■ WHAT THE TASK ASKS ■
Establish how many lines in the entries hold the string "Dress". The number by itself is the whole answer.

■ GIVEN DATA ■
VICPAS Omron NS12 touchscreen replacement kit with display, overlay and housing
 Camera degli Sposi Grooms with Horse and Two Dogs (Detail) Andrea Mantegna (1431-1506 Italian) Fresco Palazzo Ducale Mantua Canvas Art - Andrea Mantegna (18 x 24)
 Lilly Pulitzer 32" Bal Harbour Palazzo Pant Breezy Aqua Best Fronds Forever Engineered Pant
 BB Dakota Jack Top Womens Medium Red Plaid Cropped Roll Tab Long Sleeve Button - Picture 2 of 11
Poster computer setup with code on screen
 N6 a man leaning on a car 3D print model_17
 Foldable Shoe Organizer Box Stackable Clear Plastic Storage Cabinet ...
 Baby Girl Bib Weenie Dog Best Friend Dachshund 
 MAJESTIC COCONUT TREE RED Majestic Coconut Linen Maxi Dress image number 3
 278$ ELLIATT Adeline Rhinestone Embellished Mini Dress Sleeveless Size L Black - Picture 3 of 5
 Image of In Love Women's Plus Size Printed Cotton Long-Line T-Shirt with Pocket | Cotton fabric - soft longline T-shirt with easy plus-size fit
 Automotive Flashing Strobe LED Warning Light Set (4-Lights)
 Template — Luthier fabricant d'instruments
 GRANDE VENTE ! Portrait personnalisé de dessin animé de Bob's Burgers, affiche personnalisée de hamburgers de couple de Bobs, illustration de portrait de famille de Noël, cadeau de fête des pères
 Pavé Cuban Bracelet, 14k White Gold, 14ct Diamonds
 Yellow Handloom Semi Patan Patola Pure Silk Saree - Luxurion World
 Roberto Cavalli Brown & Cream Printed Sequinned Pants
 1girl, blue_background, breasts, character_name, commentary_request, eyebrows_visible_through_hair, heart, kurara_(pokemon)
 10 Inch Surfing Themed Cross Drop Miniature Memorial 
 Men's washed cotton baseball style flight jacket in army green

■ EXERCISE SOLUTION ■
2